:: Given entries

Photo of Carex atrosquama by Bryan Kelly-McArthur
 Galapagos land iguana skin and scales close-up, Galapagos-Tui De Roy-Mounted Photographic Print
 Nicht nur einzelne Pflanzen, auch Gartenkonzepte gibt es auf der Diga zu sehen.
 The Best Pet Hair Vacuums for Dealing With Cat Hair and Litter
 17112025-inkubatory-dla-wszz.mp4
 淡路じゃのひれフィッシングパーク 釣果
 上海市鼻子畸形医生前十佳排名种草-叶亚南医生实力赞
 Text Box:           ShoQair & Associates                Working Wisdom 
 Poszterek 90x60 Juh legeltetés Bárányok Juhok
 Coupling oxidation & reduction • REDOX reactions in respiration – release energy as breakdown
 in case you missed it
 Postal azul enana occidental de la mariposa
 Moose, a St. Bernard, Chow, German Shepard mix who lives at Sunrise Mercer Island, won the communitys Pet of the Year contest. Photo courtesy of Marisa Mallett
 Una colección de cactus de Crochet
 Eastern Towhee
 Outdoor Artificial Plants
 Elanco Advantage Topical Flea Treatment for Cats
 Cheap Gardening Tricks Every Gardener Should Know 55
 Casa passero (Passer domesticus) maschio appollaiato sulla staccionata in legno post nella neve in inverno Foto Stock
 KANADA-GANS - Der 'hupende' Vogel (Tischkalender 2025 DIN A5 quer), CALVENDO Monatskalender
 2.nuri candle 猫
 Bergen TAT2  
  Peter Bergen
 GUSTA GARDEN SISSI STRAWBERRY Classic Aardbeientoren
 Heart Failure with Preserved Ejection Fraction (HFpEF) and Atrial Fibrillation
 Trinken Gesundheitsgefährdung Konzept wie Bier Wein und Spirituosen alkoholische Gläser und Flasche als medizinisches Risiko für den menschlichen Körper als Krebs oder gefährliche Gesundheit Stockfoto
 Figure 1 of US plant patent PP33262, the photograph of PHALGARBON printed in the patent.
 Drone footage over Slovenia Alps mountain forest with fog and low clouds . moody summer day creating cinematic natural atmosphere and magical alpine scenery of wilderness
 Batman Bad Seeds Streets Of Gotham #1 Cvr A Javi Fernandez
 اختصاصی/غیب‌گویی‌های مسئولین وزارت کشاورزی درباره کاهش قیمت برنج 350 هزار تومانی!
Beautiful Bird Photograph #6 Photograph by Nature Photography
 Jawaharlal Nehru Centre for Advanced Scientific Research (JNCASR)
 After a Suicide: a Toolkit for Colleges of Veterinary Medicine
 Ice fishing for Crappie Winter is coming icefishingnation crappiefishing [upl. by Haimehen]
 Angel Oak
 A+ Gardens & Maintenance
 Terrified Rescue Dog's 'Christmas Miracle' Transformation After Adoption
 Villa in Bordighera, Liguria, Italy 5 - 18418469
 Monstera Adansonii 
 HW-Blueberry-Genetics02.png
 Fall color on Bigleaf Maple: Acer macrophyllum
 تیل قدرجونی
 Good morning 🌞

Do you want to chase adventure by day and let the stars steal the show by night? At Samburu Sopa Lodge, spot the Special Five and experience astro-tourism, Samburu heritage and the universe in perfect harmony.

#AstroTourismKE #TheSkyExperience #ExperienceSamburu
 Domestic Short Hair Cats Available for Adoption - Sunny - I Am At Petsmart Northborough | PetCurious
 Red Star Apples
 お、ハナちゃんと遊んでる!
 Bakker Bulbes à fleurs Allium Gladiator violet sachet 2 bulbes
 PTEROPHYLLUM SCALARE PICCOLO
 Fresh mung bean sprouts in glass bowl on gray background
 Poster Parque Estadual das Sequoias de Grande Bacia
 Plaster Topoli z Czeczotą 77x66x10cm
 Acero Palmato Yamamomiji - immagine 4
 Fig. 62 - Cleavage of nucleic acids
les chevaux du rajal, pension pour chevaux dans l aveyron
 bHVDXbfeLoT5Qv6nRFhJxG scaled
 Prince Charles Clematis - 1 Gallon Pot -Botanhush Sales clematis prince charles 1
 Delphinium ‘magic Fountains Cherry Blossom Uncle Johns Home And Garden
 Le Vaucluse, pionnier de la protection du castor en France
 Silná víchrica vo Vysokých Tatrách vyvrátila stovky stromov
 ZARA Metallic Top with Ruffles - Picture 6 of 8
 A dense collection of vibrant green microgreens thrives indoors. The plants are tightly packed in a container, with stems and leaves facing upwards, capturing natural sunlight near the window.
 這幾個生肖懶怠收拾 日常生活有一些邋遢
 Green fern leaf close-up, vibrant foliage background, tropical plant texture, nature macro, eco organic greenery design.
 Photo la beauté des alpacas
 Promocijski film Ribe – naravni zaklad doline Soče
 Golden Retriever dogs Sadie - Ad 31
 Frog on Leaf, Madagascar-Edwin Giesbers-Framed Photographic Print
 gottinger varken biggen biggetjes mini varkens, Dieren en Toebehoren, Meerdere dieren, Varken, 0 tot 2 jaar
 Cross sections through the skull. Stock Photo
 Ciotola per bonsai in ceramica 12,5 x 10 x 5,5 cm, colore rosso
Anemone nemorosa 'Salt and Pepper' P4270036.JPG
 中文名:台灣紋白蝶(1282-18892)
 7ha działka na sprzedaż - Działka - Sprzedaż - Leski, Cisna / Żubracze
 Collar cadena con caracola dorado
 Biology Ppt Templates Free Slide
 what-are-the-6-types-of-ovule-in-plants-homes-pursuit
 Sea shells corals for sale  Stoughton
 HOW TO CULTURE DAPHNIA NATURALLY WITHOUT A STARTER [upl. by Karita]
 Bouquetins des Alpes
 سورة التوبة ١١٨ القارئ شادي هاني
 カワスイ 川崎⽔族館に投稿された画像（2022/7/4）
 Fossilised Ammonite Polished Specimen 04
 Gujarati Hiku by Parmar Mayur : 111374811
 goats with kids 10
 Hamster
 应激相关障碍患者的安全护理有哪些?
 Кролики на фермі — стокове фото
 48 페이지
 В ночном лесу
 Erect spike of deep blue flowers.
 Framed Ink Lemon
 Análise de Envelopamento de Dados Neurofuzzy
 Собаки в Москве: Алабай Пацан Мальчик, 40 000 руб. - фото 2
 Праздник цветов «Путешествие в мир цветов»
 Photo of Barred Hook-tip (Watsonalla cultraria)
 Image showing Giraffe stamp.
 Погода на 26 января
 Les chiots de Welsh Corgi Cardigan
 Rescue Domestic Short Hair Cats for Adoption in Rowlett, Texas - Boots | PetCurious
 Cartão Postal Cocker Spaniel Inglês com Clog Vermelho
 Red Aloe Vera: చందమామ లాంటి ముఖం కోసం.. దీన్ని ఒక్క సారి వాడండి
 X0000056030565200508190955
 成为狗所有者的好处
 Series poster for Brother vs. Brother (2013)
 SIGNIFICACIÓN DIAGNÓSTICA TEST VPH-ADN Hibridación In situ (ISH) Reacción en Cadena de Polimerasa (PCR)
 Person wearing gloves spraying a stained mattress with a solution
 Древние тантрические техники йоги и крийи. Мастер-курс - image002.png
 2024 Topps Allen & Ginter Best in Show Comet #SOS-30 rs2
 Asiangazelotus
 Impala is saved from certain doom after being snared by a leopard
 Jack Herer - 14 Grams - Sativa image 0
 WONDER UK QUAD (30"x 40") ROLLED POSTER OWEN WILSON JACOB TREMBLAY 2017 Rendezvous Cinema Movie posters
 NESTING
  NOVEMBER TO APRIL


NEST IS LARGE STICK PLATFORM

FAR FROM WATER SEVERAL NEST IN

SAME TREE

::::

» What the task asks
Among the records above, extract exactly the lines from the line with "Biology Ppt Templates Free Slide" to the line with "В ночном лесу", both lines included, and leave out the rest.

» Task output
 Biology Ppt Templates Free Slide
 what-are-the-6-types-of-ovule-in-plants-homes-pursuit
 Sea shells corals for sale  Stoughton
 HOW TO CULTURE DAPHNIA NATURALLY WITHOUT A STARTER [upl. by Karita]
 Bouquetins des Alpes
 سورة التوبة ١١٨ القارئ شادي هاني
 カワスイ 川崎⽔族館に投稿された画像（2022/7/4）
 Fossilised Ammonite Polished Specimen 04
 Gujarati Hiku by Parmar Mayur : 111374811
 goats with kids 10
 Hamster
 应激相关障碍患者的安全护理有哪些?
 Кролики на фермі — стокове фото
 48 페이지
 В ночном лесу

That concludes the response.